From d63f940f5586d62f33a82d352fa1233c322c646b Mon Sep 17 00:00:00 2001
From: Zhao Chen <zhaochen.zju@gmail.com>
Date: Tue, 15 Oct 2024 18:30:53 +0800
Subject: [PATCH] feat: more transformer definitions such as rope scailing

Signed-off-by: Zhao Chen <zhaochen.zju@gmail.com>
---
 docs/v2/architecture.md     | 30 ++++++++++++++++++++++
 specs-go/v2/architecture.go | 50 +++++++++++++++++++++++++++++++------
 specs-go/v2/architecture.md | 23 -----------------
 3 files changed, 73 insertions(+), 30 deletions(-)
 create mode 100644 docs/v2/architecture.md
 delete mode 100644 specs-go/v2/architecture.md

diff --git a/docs/v2/architecture.md b/docs/v2/architecture.md
new file mode 100644
index 0000000..40b36a7
--- /dev/null
+++ b/docs/v2/architecture.md
@@ -0,0 +1,30 @@
+# Architecture
+
+## Tensor naming convention
+
+[version].[vendor].[family].[name].[arch].[modality].[block_name].[layer_name].[tensor_name].[tensor_type]
+
+The dot in the name should be replaced with a underscore.
+
+### Naming Conventions
+
+- **version**: The version of the naming convention.

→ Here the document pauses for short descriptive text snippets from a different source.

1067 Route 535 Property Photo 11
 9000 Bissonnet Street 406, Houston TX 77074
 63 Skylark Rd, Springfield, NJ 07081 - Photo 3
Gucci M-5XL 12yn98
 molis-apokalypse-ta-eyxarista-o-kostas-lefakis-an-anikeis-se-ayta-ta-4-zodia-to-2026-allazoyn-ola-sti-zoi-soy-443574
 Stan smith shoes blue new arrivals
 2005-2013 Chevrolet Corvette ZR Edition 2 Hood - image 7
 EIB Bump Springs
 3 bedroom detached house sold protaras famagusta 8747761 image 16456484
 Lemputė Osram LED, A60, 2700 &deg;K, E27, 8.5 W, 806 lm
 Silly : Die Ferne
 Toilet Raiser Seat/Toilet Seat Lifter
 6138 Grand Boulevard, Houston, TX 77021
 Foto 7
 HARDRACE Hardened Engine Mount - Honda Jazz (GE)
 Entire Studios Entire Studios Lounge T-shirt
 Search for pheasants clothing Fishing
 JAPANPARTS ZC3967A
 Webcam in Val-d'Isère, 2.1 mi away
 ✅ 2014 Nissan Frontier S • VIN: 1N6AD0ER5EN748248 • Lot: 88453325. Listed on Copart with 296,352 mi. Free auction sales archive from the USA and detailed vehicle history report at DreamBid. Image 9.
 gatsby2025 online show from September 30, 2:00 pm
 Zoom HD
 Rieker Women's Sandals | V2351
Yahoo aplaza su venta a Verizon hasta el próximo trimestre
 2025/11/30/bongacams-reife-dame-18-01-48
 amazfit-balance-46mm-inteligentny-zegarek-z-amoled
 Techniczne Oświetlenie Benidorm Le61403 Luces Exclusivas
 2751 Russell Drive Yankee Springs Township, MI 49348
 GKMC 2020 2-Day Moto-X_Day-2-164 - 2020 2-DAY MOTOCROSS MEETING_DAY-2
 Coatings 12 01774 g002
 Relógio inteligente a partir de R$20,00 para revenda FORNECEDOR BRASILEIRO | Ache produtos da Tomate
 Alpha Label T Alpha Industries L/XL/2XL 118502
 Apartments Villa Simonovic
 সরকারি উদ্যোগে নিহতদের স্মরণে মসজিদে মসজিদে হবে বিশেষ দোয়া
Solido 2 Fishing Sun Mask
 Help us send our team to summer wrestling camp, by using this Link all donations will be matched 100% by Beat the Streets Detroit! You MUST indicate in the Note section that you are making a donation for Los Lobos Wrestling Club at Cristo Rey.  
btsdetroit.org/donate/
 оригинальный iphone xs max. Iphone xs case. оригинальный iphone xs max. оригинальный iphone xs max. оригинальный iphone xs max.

+- **vendor**: The vendor of the model.
+- **family**: The family of the model.
+- **name**: The name of the model.
+- **arch**: The architecture of the model.
+- **modality**: The modality of the model.
+- **block_name**: The name of the block.
+- **layer_name**: The name and 0-indexed layer number of the layer.
+- **tensor_name**: The name of the tensor.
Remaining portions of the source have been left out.